# Charging The Battery



## Husker92 (Feb 11, 2006)

I have a 2006 21Rs and have had it about four weeks. I'm getting ready for a trip and noticed that my battery was very low.

How long should I expect it to take to put a full charge on the battery by using my Dodge?

I guess the way to prevent this is to install a negative cut off switch on both batteries.


----------



## 2500Ram (Oct 30, 2005)

Good question on only using the TV to charge the batteries. We normally bring the TT home a night early and plug in to charge the batteries before we leave.

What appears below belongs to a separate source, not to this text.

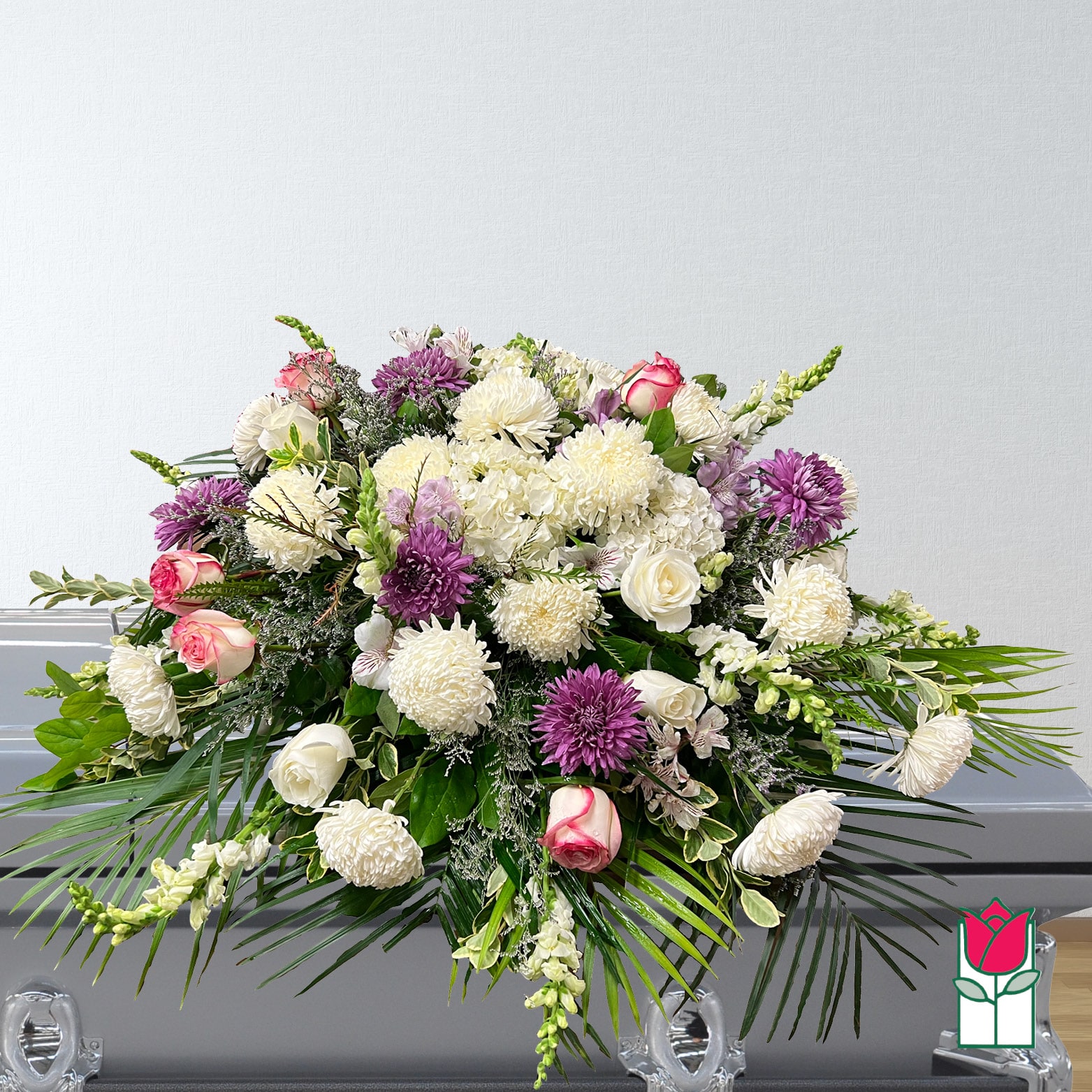 Large funeral spray with white and purple flowers and pink roses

I'll be interested to read the replies.

Bill.


----------



## nascarcamper (Jan 27, 2005)

It should charge the batteries pretty quickly if you have a heavy duty alternator. I would suspect that it would shorten the life of the alternator. It's probably best to use the built in charger or a regular battery charger before you leave home. I ran mine down one time and it charged completely at least by the gauge on the way home but it was a 3 hour drive.


----------



## Husker92 (Feb 11, 2006)

nascarcamper said:


> It should charge the batteries pretty quickly if you have a heavy duty alternator. I would suspect that it would shorten the life of the alternator. It's probably best to use the built in charger or a regular battery charger before you leave home. I ran mine down one time and it charged completely at least by the gauge on the way home but it was a 3 hour drive.
> [snapback]86713[/snapback]​


Thanks for reminding me about the built in charger. I'll use the house power to charge the batteries.


----------



## 7heaven (Jun 4, 2005)

Husker92, Welcome to the site!!! Glad you got your answer so quickly. Be careful, there are a few Sooners and Longhorns lurking around here.....


----------



## Y-Guy (Jan 30, 2004)

Husker92 for the best battery performance you should invest a few bucks and buy a deep cycle battery charger. You can pick one up at Wal-mart for around $35 or so. These will properly charger your battery for maximum life and power. While towing your truck will top it off, but it won't really deep cycle charge it. Even the built in charger on the Outback (and most RVs) is not much more than a trickle charger.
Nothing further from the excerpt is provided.